Lorca’s self-consciousness is even more apparent in line fourteen: “that I am the enormous shadow of my tears.” This image, which may refer to Lorca’s elegiac powers (his skill as a poet lamenting the dead), is perhaps the most paradoxical in the poem; tears would make small and translucent shadows even if they were pouring from the speaker’s eyes. It is a fascinating image to connect to Lorca’s treatment of the function of poetry; if the speaker’s tears are connected to the “llanto” (lament), the speaker is therefore nothing but the weak shadow of his poetry, which he desires to be “enormous” but which is difficult to visualize as very large or substantial at all. This seems to underscore the futility of language and poetry to express identity or “life.”

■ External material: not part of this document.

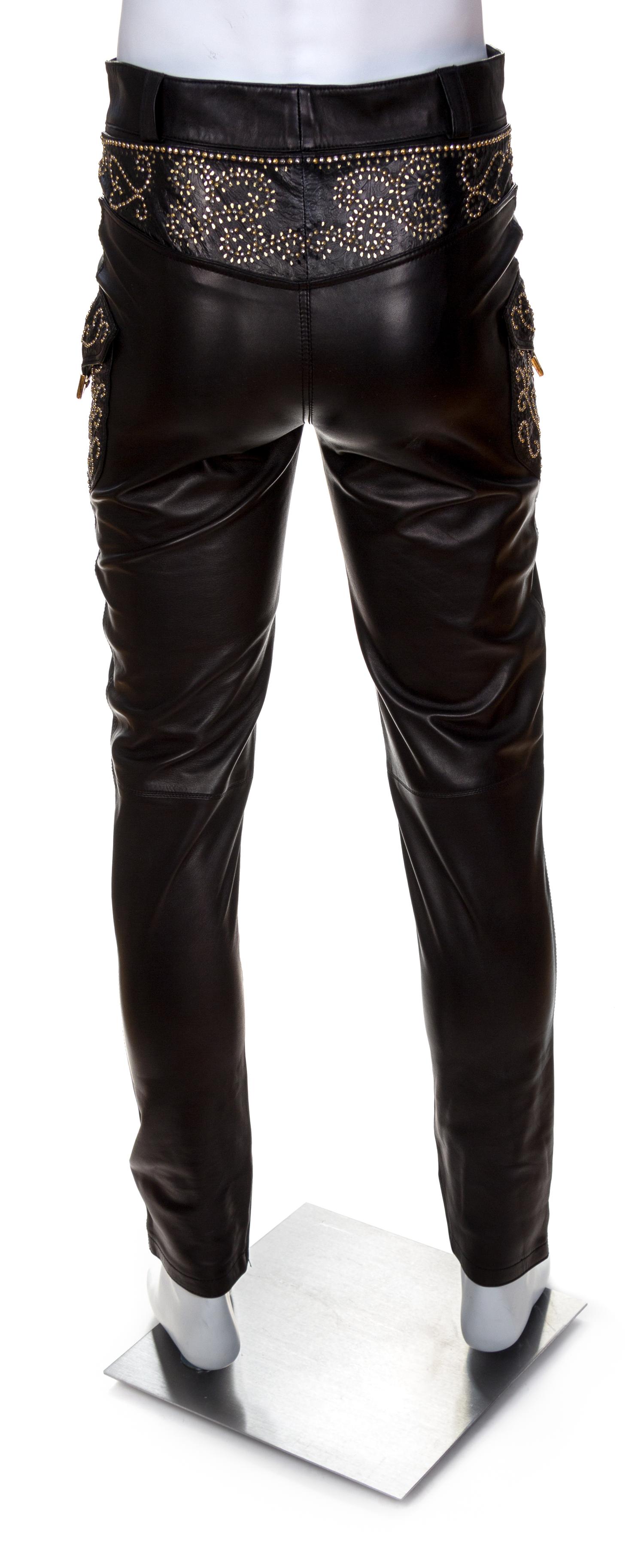 A Gianni Versace Black Leather Men's Pant, Size 48.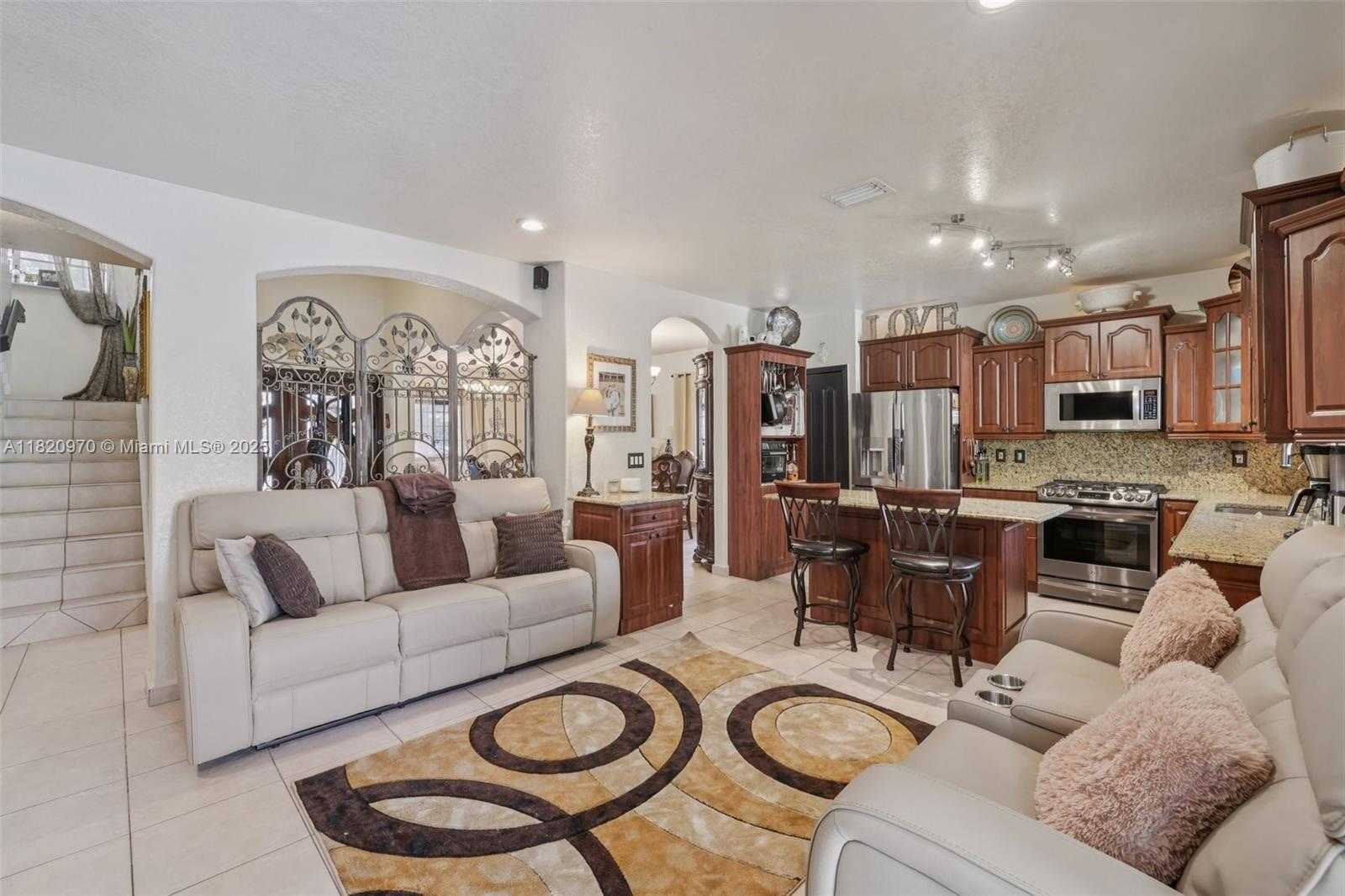 Small Image of 8981 NORTH WEST 166TH TER, Miami Lakes Number 11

It is no coincidence that Lorca is anxious about the power of poetry at the point in the poem where he turns outward to the public; the futility of poetry is never so questionable as when its value is determined by whether the reader can appreciate it. To Lorca, because of the romantic tendencies Maurer highlights and perhaps also because of the difficult dualities of his themes, his poetry can never be fully communicative. Perhaps this is why the “veil” (which emphasizes death by referring to a burial shroud) and the “hard water” of the fourth stanza seem so completely inadequate against the “fistfuls of ants” and the “scorpion’s sting,” if the reader is to imagine that the poetic metaphor continues after line fourteen. Poetry is almost as tenuous as life and almost as weak in defending against the forces of earth, death, and obscurity.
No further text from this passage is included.